Series: On the margins

Réka Mán-Várhegyi

Magnetic Hill

Translator

Lea Kovács

Series: On the margins

Réka Mán-Várhegyi

Magnetic Hill

Translator

Lea Kovács

“Magnetic Hill”, winner of the European Union Prize for Literature, has been dubbed “the novel of the Hungarian #metoo movement”. This is a complex psychological and social work which raises many questions, ranging from female identity to the responsibility of intellectuals in Hungary today.

During the summer of 1999, a promising young sociologist Enikő Börönd leaves her husband in New York and comes back to her native Budapest intending to write a comprehensive sociological work about the Hungarian ethnic soul from the perspective of marginalized groups. While teaching feminist critique at the university, Enikő comes in contact with many prejudices inherent to scientific milieu in Hungary and soon begins a love affair with Tamás Bogdán, a beloved university professor from a closed provincial community. Bogdán, a first-generation intellectual, deals with his own psychological and social obstacles. His relationship with Enikő, whose class background is completely different, turns into a complex intimate affair marked by professional differences, doubt, jealousy and guilt.

Their story blends into the story of a college student Réka, an insecure young woman who is writing a novel and attracts Bogdán’s attention. Réka hails from Békásmegyer, proletarian settlement with a separate identity. Békásmegyer contains Magnetic Hill which, according to legend, keeps the inhabitants chained to it so they can never leave.
Réka Mán-Várhegyi has written an extraordinary, multi-layered novel about the problems of marginalization – both social and intellectual, about feminism, women’s writing and sexuality, the complexity of female, familial and inter-generational relationships and all hardships women face in hierarchical society dominated by men. “Magnetic Hill” is a novel about the past which defines us ad about the possibility of change.

 

Writter

Réka Mán-Várhegyi

Réka Mán-Várhegyi (1979) spent her childhood in Târgo Mureș in Romania.
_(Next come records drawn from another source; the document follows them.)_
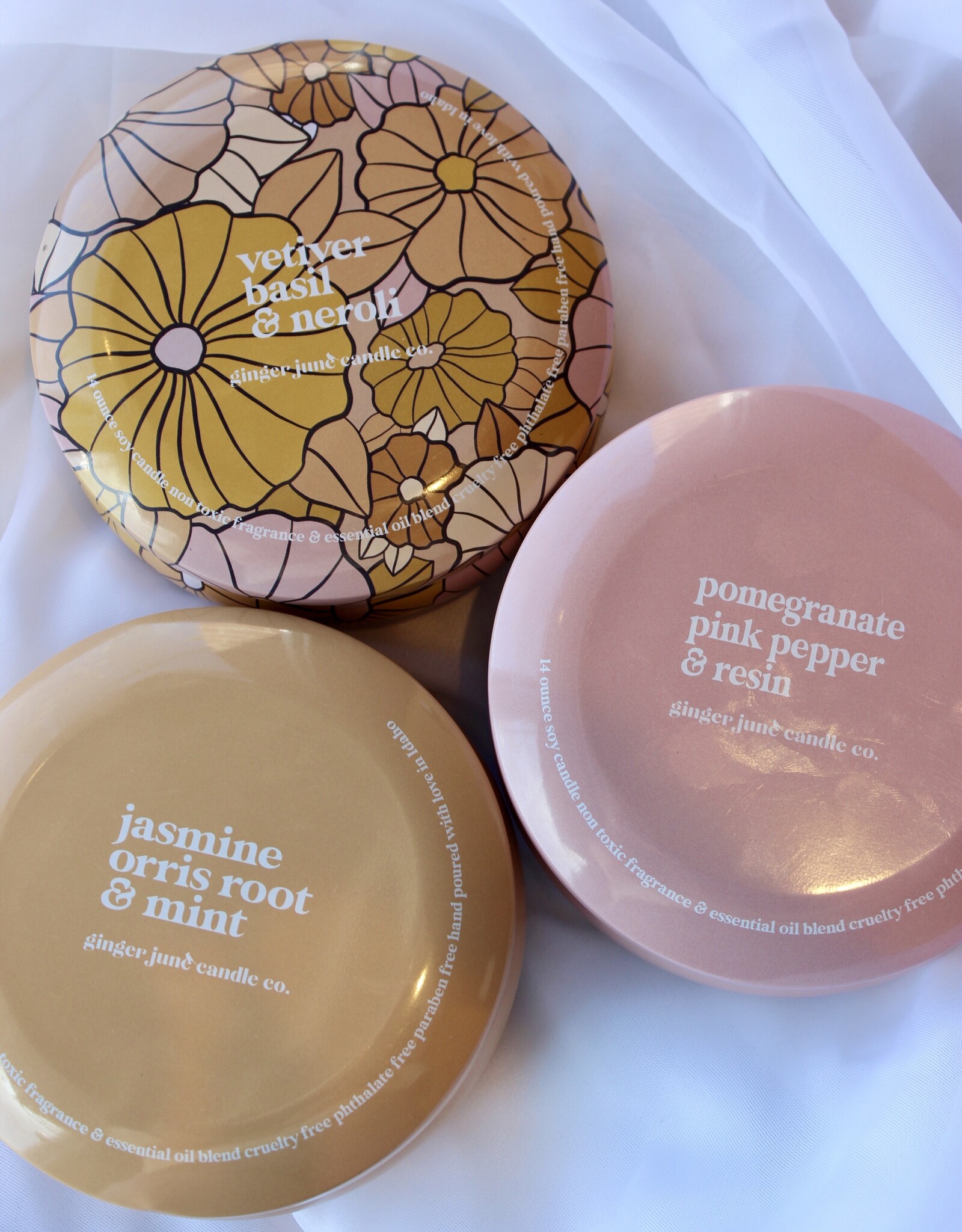 Spring Tin Candle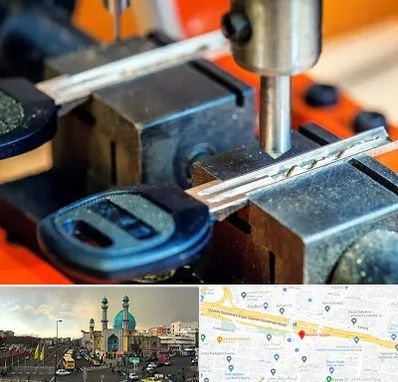 کلید سازی در رسالت 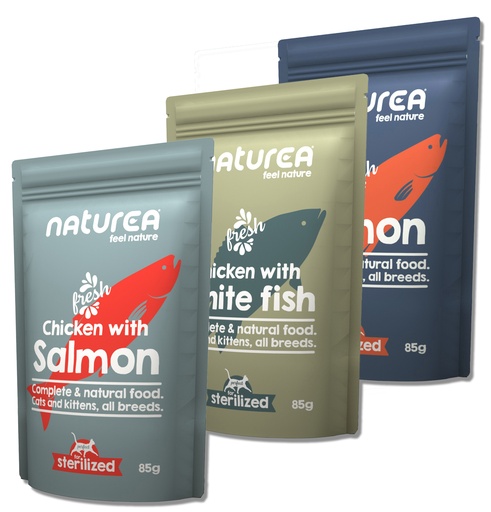 [SETNCWF] Set Naturea Cat Wet Food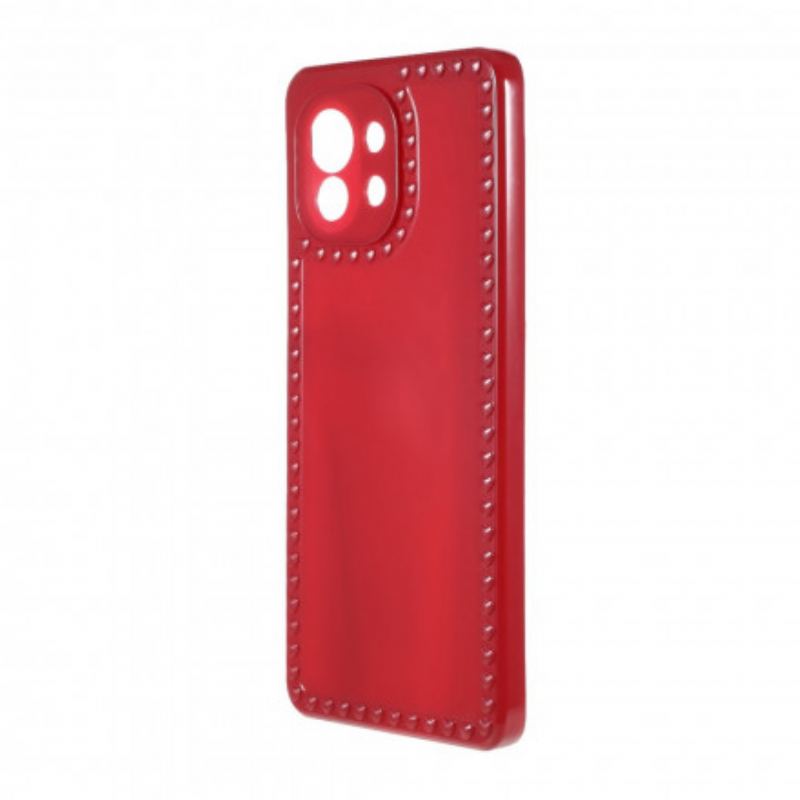 Cover Xiaomi Mi 11 (5G) Fleksible Silikonehjerter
She moved to Hungary after the fall of the communist regime in 1990 and obtained Hungarian citizenship in 1992. Although she studied aesthetics and sociology and specialized in ethnic and minority studies, she has been working as a children’s book editor in Budapest for a number of years.

Translator

Lea Kovács

Lea Kovács was born in 1981 in Vukovar. She graduated with a degree in French and Hungarian languages and literatures from the University of Zagreb. During her studies she perfected her translating skill by spending two semesters at the University ELTE in Budapest and international programmes in Hungary and France…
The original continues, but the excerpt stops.